- [Task instructions]: Could you set down every entry exactly as it stands, without the images?

===

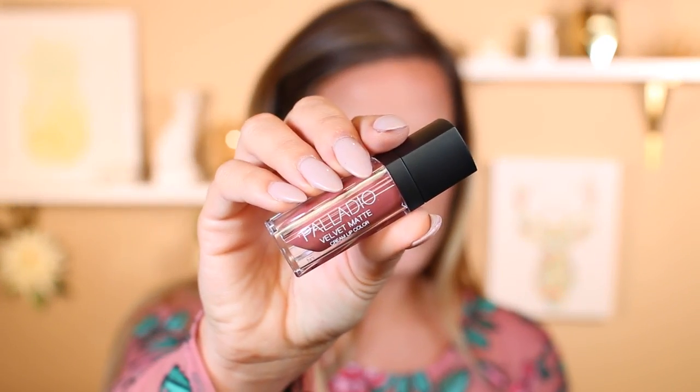For lips, we're lining with the Palladio lip liner in Salmon. Then we're also going to take their Velvet Matte Cream Lipstick in Raw Silk and put this on top of our lips. I love these — they feel so good on the lips. And that is it for this makeup look! I hope you guys enjoyed it. Please give it a thumbs up if you did. Thank you so much for watching, and I will see you all in my next video. Bye!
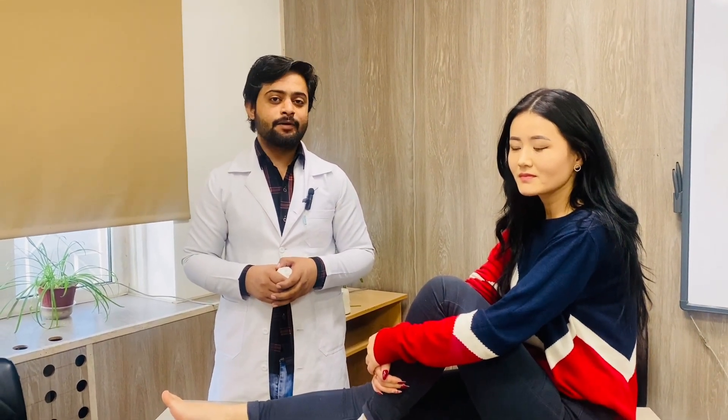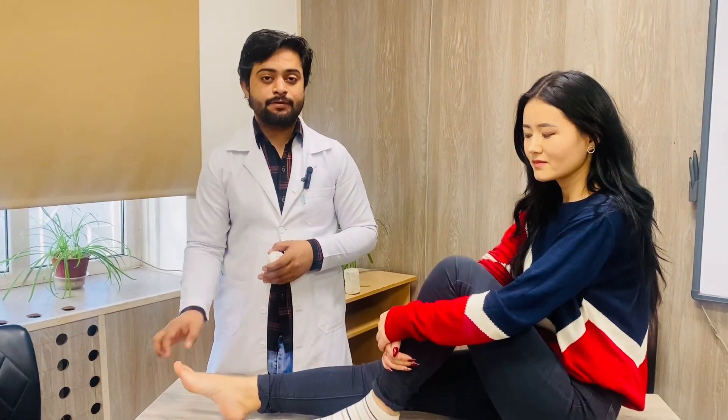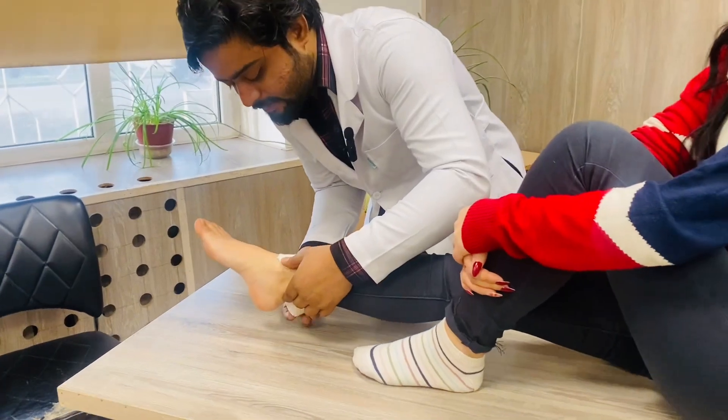Welcome back to doctrinal lectures. In this video, we will talk about the spica bandage towards the thumb of the foot. Let's start — first of all, you will make two circulations here like this.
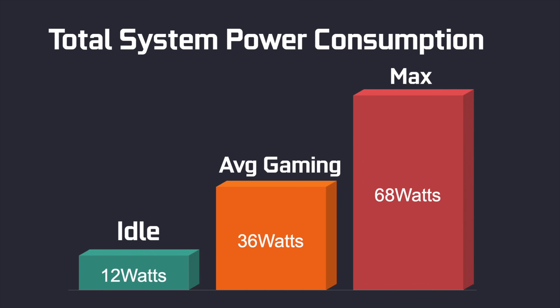When it comes to total system power consumption, I always measure from the wall using a kilowatt meter. At idle, the UM350 pulls 12 watts. While gaming we averaged 36 watts, and the maximum I could get it to pull while maxing out both CPU and GPU was 68 watts. Just for reference, during 4K video playback it pulls 16 watts.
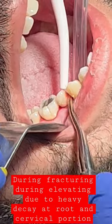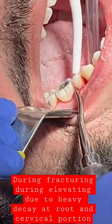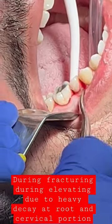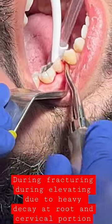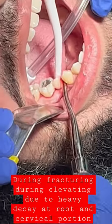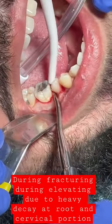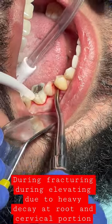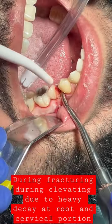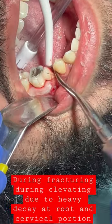Hey guys, just to let you know that the x-ray on this tube number 29, lower right side of the patient — the cavity is right below the neck part, basically the cervical part and the root part. You have to let the patient know that it's going to crack, and once it cracks you just take the top part off.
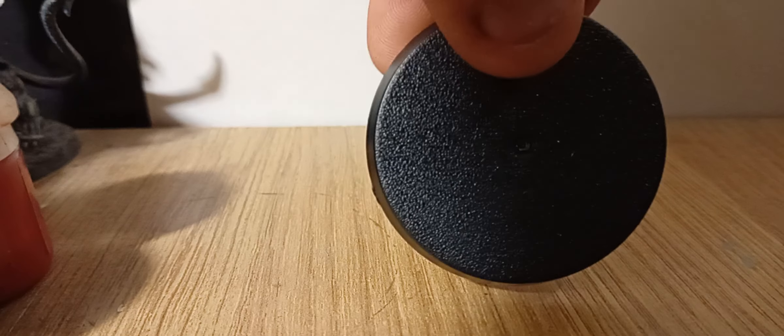Oh my god, that base! Oh my god the base — I've got to build this now. It is awesome, that base is absolutely so weird. But I don't know what pose to do — the pose might be the one to the side. Oh my god, it's a good model, I like it.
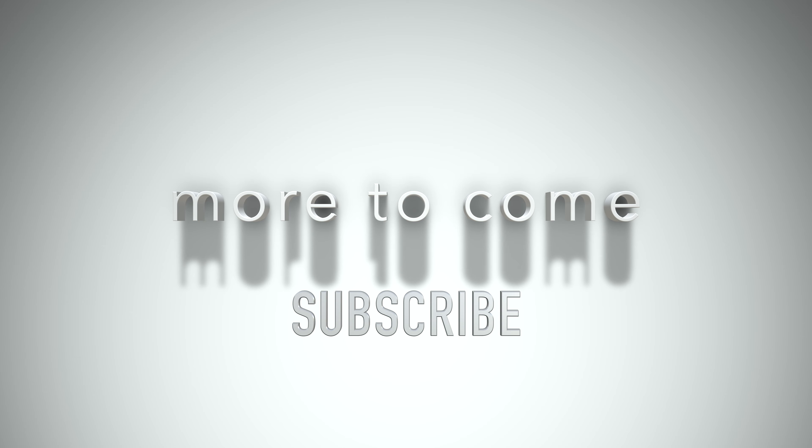Let me know what you think in the comments below. There's more to come — please subscribe to this channel. Thanks for watching.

===

- [Exercise output]:
For lips, we're lining with the Palladio lip liner in Salmon. Then we're also going to take their Velvet Matte Cream Lipstick in Raw Silk and put this on top of our lips. I love these — they feel so good on the lips. And that is it for this makeup look! I hope you guys enjoyed it. Please give it a thumbs up if you did. Thank you so much for watching, and I will see you all in my next video. Bye!
Welcome back to doctrinal lectures. In this video, we will talk about the spica bandage towards the thumb of the foot. Let's start — first of all, you will make two circulations here like this.
When it comes to total system power consumption, I always measure from the wall using a kilowatt meter. At idle, the UM350 pulls 12 watts. While gaming we averaged 36 watts, and the maximum I could get it to pull while maxing out both CPU and GPU was 68 watts. Just for reference, during 4K video playback it pulls 16 watts.
Hey guys, just to let you know that the x-ray on this tube number 29, lower right side of the patient — the cavity is right below the neck part, basically the cervical part and the root part. You have to let the patient know that it's going to crack, and once it cracks you just take the top part off.
Oh my god, that base! Oh my god the base — I've got to build this now. It is awesome, that base is absolutely so weird. But I don't know what pose to do — the pose might be the one to the side. Oh my god, it's a good model, I like it.
Let me know what you think in the comments below. There's more to come — please subscribe to this channel. Thanks for watching.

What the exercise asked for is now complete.